5-0 out of 5 stars Open minded
This books takes you into true life. What budo is truly about, self knowledge. This book discribes his quest for self inlightenment, and must be understood that way. Sensei Sabat is one of my Sensei's and is truely a great human, and role model. Like his training, supurb, his teachings go far beyond. He has trained great fighters such as Sensei "The Iceman" Chuck Liddell (UFC contender), and Sensei Tony Bacerra (national champion in Karate). I cannot stress enough that when you read this book you understand the point I have made that it is about HIS quests/trials. It may seem self centerd, but remember the book is about him.

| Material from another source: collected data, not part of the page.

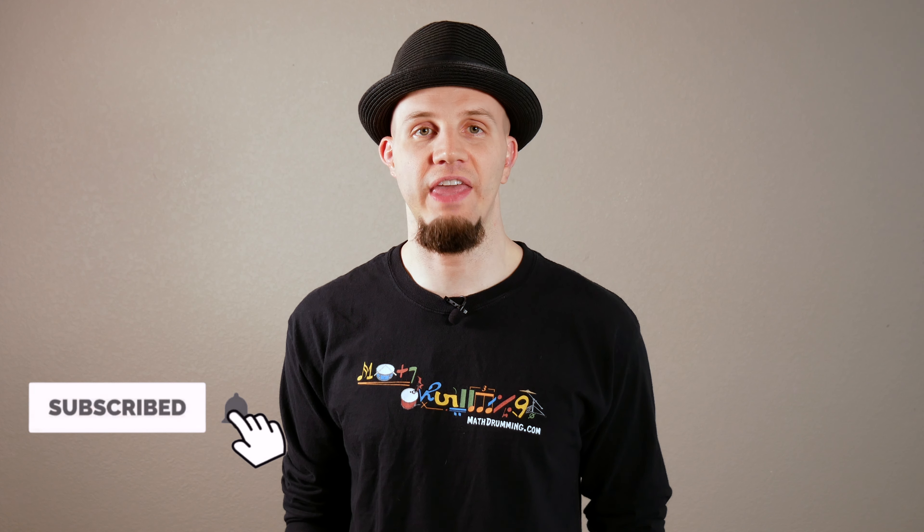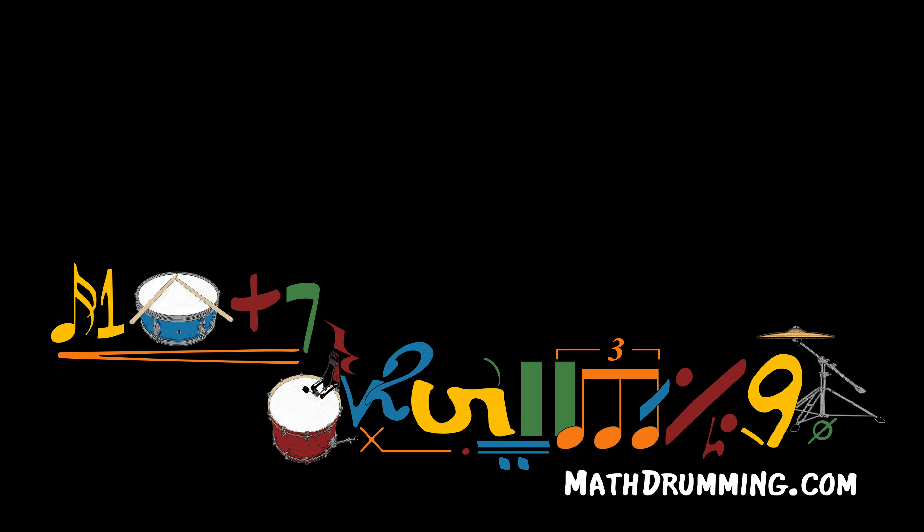If you haven't done so already, be sure to subscribe and click the notification bell. That way you can be the first to comment what you thought of Fear Inoculum and be entered in a drawing at the end of the series to win a free math drumming t-shirt. Thank you for watching and remember, keep counting and don't stop drumming.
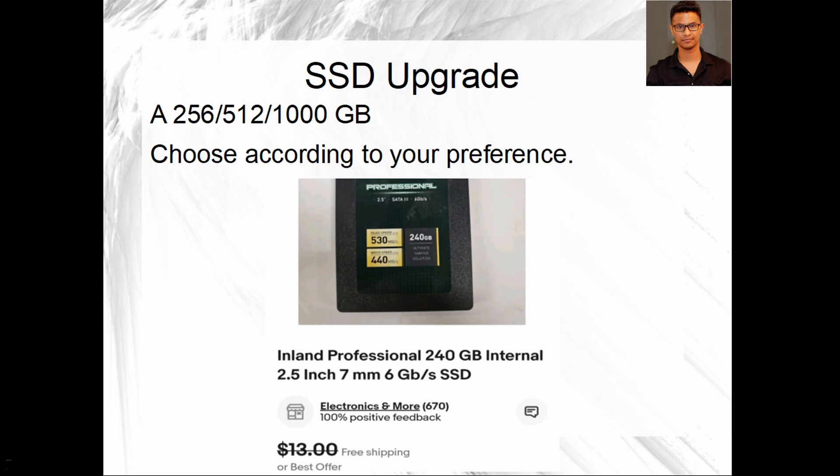If it did not come with an SSD drive, you can actually buy one for very cheap. As you can see in the example here, you can buy a 240GB SSD for only $13. Just get one according to your needs — if you need 512GB get a 512GB, if you need 1 terabyte get a 1 terabyte.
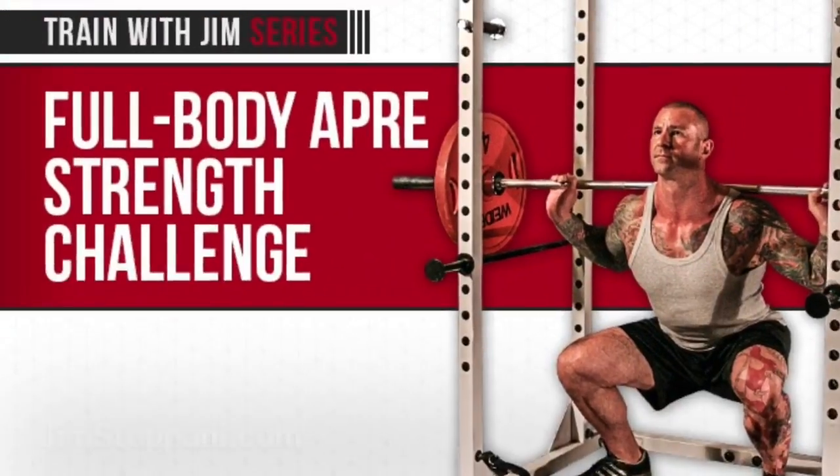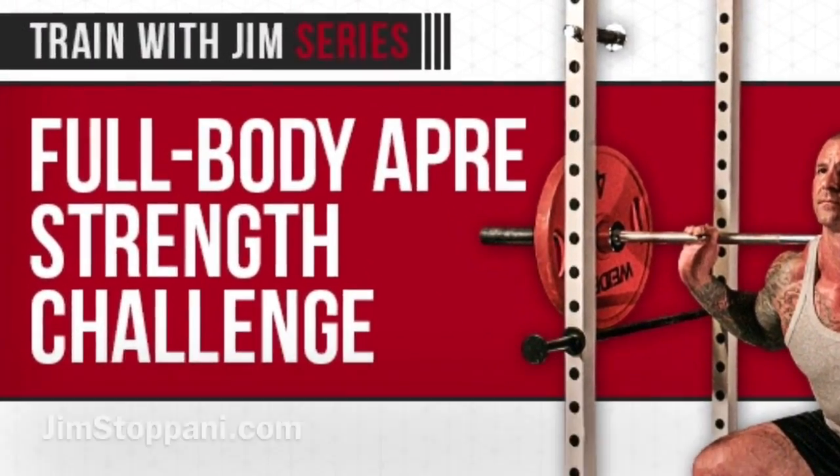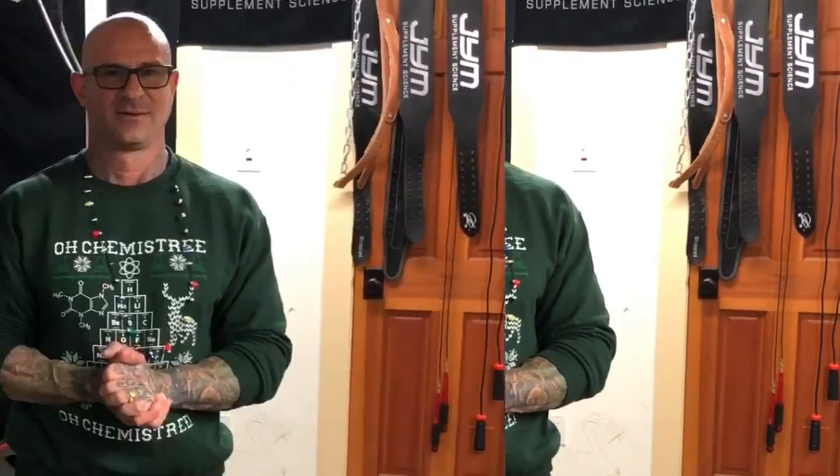Make sure you read my full body APRE strength challenge article — it's free at jimstapani.com — that'll give you the full breakdown on how to follow the program. This week we get heavy using about 85% of our one rep max, or our six rep max weight. Next week we get even heavier, dropping down to our four rep max weight, or somewhere around 90% of our one rep max. Merry Christmas, Jim Army, and as always, stay Jim Army strong.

BTW he would win in most all fights on the street. He is a very powerfull fighter. Also... A gun can take care of anyone so please dont say that if somebody came up to him with a gun he'd lose...

4-0 out of 5 stars This book is about a way of life.
It seems many of these readers miss the message this human Sensei is attempting to document. It is not a story about how great a man Jack Sabat is, nor is it about how much he can suffer and endure. The point I received is that Karate is a way of life, and as with most worthwhile pursuits, great sacrifice, dedication and effort are required to obtain greatness.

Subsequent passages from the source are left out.